Küreselleşmenin ortaya çıkardığı fırsatlardan yararlanmak ve tehditlerden kaçınmak için mikro (işletme) ve makro (ulusal ve uluslararası çevre) düzeyinde

yapılan araştırmalar ışığında işletmelerin çevre koşullarına uyumunu sağlayacak stratejiler geliştirilmeli ve uygulamaya konulmalıdır (Çağlıyan, 2002: 13).

Her işletme kendi işindeki yenilikleri, gelişmeleri ve rakipleri yakından izlemelidir. Tüm dünyayı izlemeyenin küresel rekabete günün birinde yenik düşmesi kaçınılmazdır. Küresel rekabet ortamında işletmeler dünya çapında büyüyüp geliştikçe, rekabeti yeni ve gerçekçi düzeylere getirmekte, bunun başarılması için de yöneticiler güçlü yönetim sanatlarını uygulamak zorunda kalmaktadırlar (Ömürbek, 2003: 59).

Küresel rekabet ortamına uyum sağlamaya çalışan işletmelerin temel amacı, evrensel karı maksimize edecek şekilde dünya çapında ekonomik faaliyetleri bütünleştirmek ve organize etmektir. Küresel şirketin her parçasının bütüne hizmet etmesi beklenen organik bir yapıdır (Bilge, 2004: 9).

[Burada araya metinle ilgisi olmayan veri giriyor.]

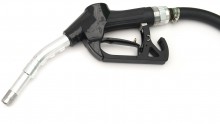 HBM benzinepomp met tank en deksel 330 liter, 12 V, diesel en benzine, 57 l/min
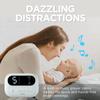 LittleTora Pro Baby Nasal Aspirator - Built-in Music & Night Light - Rechargeable Nose Booger Sucker for Infants Babies Kids Toddlers - Snot Removal view 3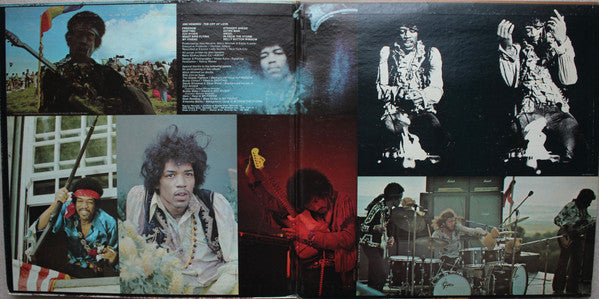 Jimi Hendrix : The Cry Of Love (LP, Album, Ter)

Küresel rekabet ortamında işletmeler başarılarının kalıcı olması için müşterileriyle konuşmak, tedarikçi işletmelerle çalışmak, ekipler oluşturmak, hatta çoğu zaman rakipleriyle stratejik işbirliği oluşturmak zorundadırlar (Tekin ve Ömürbek, 2003: 56).

İşletmelerin küresel rekabet ortamında hayatta kalması için atılacak en önemli adım ise işletme yapılarının ve anlayışlarının önemli ölçüde değişmesidir. Küreselleşme, süreci işletmelerin yeni koşullara uygun olarak kendilerini değiştirmeleri gerektiği sonucunu ortaya çıkarmıştır ve zaman içerisinde daha çok işletme bu değişimin zorunluluğunu anlayıp değişimle birlikte tekrar yapılanmaya gitmiştir (Güzelcik, 1997: 81).